Музыкальный ручей

Смольников Алексей Степанович

Всё своё детство я завидовал людям, отправляющимся в путешествия. Я был ещё маленький и не знал, что самое интересное — возвращаться домой, всё узнавать и всё видеть как бы заново. Теперь я это знаю.

Эта книжка написана в путешествиях. Она о людях, о птицах, о реках — дальних и близких, о том, что я нашёл в них своего, что мне было дорого всегда. Я хочу, чтобы вы познакомились с ними: и со старым донским бакенщиком Ерофеем Платоновичем, который всю жизнь прожил на посту № 1, первом от моря, да и вообще, наверно, самом первом, потому что охранял Ерофей Платонович самое главное — родную землю; и с сибирским мальчишкой (рассказ «Сосны шумят»)

 —

он отправился в лес, чтобы, как всегда, поискать брусники, а нашёл целый мир — рядом, возле своей деревни. И ещё с одним мальчиком (рассказ «Сердолики»)

 —

ему так понравилось Чёрное море, хоть увози его к себе на Обь. Мальчик взял с собой морские камушки — сердолики, но едва открыл дома коробку… В общем, оказалось, что они красивы лишь тогда, когда есть у них море.

Это, наверно, заблуждение, что самые интересные края — дальние: и они ведь для кого-то совсем близко, чей-то дом. Значит, всё дело в том, чтобы увидеть их хорошенько. Чем больше вы увидите сейчас, тем больше узнаете и полюбите завтра.

Автор.

СОСНЫ ШУМЯТ

Мне, наверное, и не сказать, отчего я тогда проснулся. Может быть, тень отодвинулась и солнце нашло меня под сосной и защекотало мне веки. Оно всё время подсматривало из-за веток: сплю ли я. А может, по лицу пробежал муравей — это тоже щекотно.

Весь лес был прострелян лучами. Ветви искрились от света. Казалось, они не зелёные, а синеватые. Они вспыхивали, качаясь, и отбрасывали вниз дымчатые снопики тени. Я зажмурился. Когда я посмотрел снова, прямо передо мной на поваленном сосновом стволе сидел бурундук: пушистая, обведённая горячим лучом спинка и глаза — две чёрные бусинки, устремлённые на меня. Бурундук не успел даже опустить передние лапки, и только глаза сразу остановились на мне, и мы минуту глядели друг на друга, ничего не понимая. Он, наверное, что-то делал и вдруг почувствовал, что не один здесь, и застыл от неожиданности: откуда, мол, я-то тут взялся!

Я лежал на спине, не смея ни встать, ни пошевелиться.

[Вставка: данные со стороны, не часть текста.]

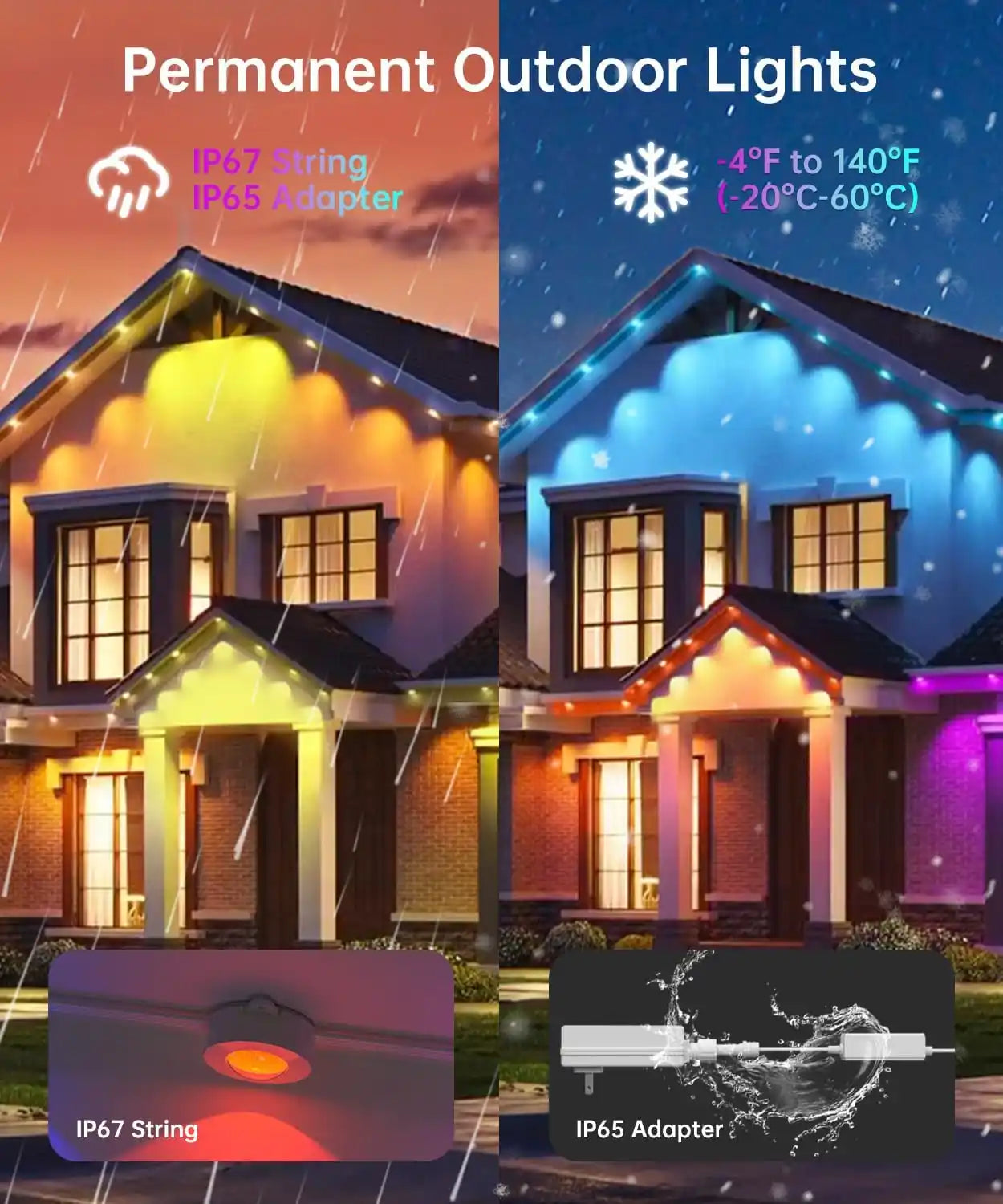 Smart Outdoor LED RGB String Lights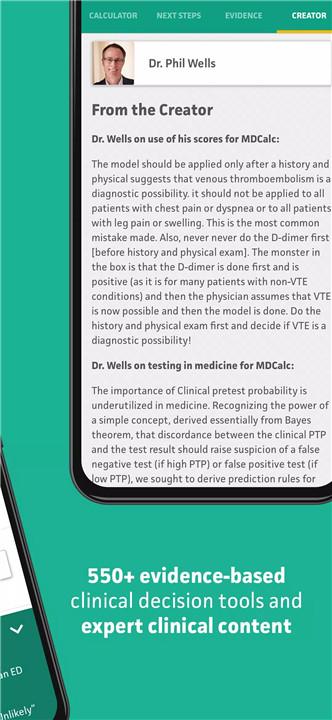 MDCalc Medical Calculator screenshot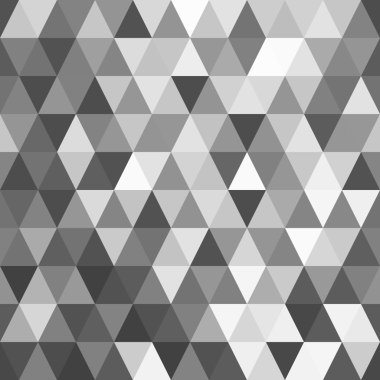 Abstract background of mosaic black and white triangles.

Мне казалось, если встану, всё исчезнет сразу: и застигнутый врасплох бурундук, и кисточки хвои, сквозящей на солнце, и эти неподвижные, зацепившиеся за ветки облака там, наверху.

СОЛОВЕЙ

Так звали лошадь — Соловей. Старого, с негнущимися, будто они были деревянные, ногами смиренного мерина. Был он отменно бел и крупен, на нём бы впору полководцу гарцевать, въезжая в поверженный город, но Соловей наш, как видно, не дождался своего полководца. Полководцы теперешние всё больше на машинах ездят, а он, коняга, уже много лет возит воду. Мы и взяли его в экспедицию прямо от водовозной бочки.

Честь эта — привести Соловья в отряд — выпала мне. Конюх надел на него принесённую мной уздечку и, оглядев меня критически, спросил: верхом поеду или поведу? И когда я пожелал ехать верхом, сказал: «Мудрый конь вам достался, артист…»

Соловей подождал, пока я влез ему на спину, уселся, и сразу же тронулся, будто и сам знал, что ему нужно делать. Потом, когда дорога за посёлком раздвоилась, он, опять-таки сам, выбрал нужную и направился по ней.

Тропинка в наш лагерь вела то берегом, у самой воды, то мшистым, в прозрачных лужах яром. Соловей, прежде чем ступить в лужу, останавливался, нюхал воду, а я рассматривал бурую, в цветных ковриках мха тундру, голые окрестные сопки.

Перед нашими палатками начинался спуск. Я решил, что везти меня под гору легче и что пристойнее было бы для коня, да и для седока тоже, въехать в лагерь хотя бы лёгкой рысью. Я выбрал момент и потянул повод. Но Соловей, кажется, и не думал о том, чтобы покрасоваться. Он только обернулся ко мне, скосил большой спокойный глаз, будто хотел узнать, что меня там, на спине у него, так беспокоит, и зашагал дальше ни быстрее, ни медленнее.